Other things that I felt included a mild headache, a dryness in my mouth, nothing at all in my stone-bound leg, and a sick, sudden, sinking certainty that something important had slipped away from me despite all my efforts to contain it.
The first thing I was conscious of outside of myself was the sound of Amaranth half-singing, half-humming to herself. It was a sound I had never heard. Her voice, unsurprisingly, was beautiful, melodious.
In old literature and such, the singing of nymphs was a frequent topic, but I had always sort of assumed that was because such literature was too respectable to mention the things nymphs did that really impressed the writers.
“You should do that more often,” I said groggily.
“Well, you’re welcome to clean every once in awhile if you think the room needs it,” she said.
“I meant the singing,” I said. I fought to sit up without much success. My pinned leg made it harder than it otherwise might have been, but I think I was also still fighting through the wind-down effects of the potion, if only because it didn’t immediately occur to me to cancel the magic.
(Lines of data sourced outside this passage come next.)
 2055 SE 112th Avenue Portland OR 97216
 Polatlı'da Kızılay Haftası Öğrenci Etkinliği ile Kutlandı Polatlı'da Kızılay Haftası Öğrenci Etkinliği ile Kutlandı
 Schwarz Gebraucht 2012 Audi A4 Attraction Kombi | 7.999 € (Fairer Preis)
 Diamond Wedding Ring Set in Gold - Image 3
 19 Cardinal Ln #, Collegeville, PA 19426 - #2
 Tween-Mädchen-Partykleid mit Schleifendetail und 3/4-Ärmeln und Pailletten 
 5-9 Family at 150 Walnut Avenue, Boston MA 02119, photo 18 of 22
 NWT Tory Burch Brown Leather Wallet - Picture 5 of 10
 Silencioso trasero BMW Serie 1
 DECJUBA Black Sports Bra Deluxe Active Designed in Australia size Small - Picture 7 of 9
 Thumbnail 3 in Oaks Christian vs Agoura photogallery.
“Oh!” she said. “I didn’t realize I was? I don’t normally do it, outside of festivals back home. It’s always part of the ceremony… it feels almost blasphemous to do it recreationally, which is why I feel self-conscious about doing it in front of other people.”
“You shouldn’t,” I said. “It’s beautiful. Where’d you learn it? I can’t believe you picked it up from a book.”
“I didn’t learn it all,” she said. “I don’t even have to rehearse! You know how they say practice makes perfect?”
“Yeah, and you were born perfect.”
“Made, but yes,” she said. “In some respects, to certain local values of ‘perfect’. But that includes singing. How are you feeling?”
“Better, I think” I said.
“You said that when you woke up this morning,” she said. “Do you feel good?”
“Let me check,” I said. I undid the elemental binding on my leg, and feeling rushed back… I cried out in sudden shock and pain.
“Oh!” Amaranth said, her face falling as she rushed to my side. “I’m sorry, baby, I thought for sure that would…”
“I’m fine, I’m fine!” I said quickly. “Pins and needles, though!”
That was putting mildly. It was more like swords and spears… the worst case of them I’d ever felt.
“Are you sure?”
“Yeah,” I said. “It’s all, you know, in my leg muscles and not my actual kneecap. I just slept weird, with it all stoned up. I’m pretty sure… almost entirely sure… my knee pain was wiped out while I was asleep.”
“Well, you had better take it nice and slow, nonetheless,” she said, climbing into bed and gently rubbing my leg. “It’d be a shame to spend a day in bed and use up a potion only to wind up hurting yourself worse getting out of bed onto a leg that won’t support you.”
“Yeah, I’m not in a hurry to go anywhere,” I said. I leaned back down while Amaranth gently kissed and nibbled up and down my stricken leg. It was an interesting role-reversal… Amaranth was frequently tender with me, but more often it would be me focusing my attention on her legs. I found myself flushing with heat, not quite equal parts arousal and embarrassment, but close. “It’s feeling better already. Did Steff say anything about a headache?”
“No?” Amaranth said, the concern rushing back into her voice. “Do you have one?”
“Yeah, and I’m trying not to read anything into it,” I said. “Even if it’s not a side effect from the potion, it could just be a headache. I mean, there’s no rational reason to think it came from a mental intrusion… that’s never given me a headache before.”
“It probably is just a headache, then,” Amaranth said. She straightened up. “Some people get them when their sleep cycle is weird. I don’t know what a full night’s sleep in the afternoon would do for you, even if it wasn’t highly compressed.”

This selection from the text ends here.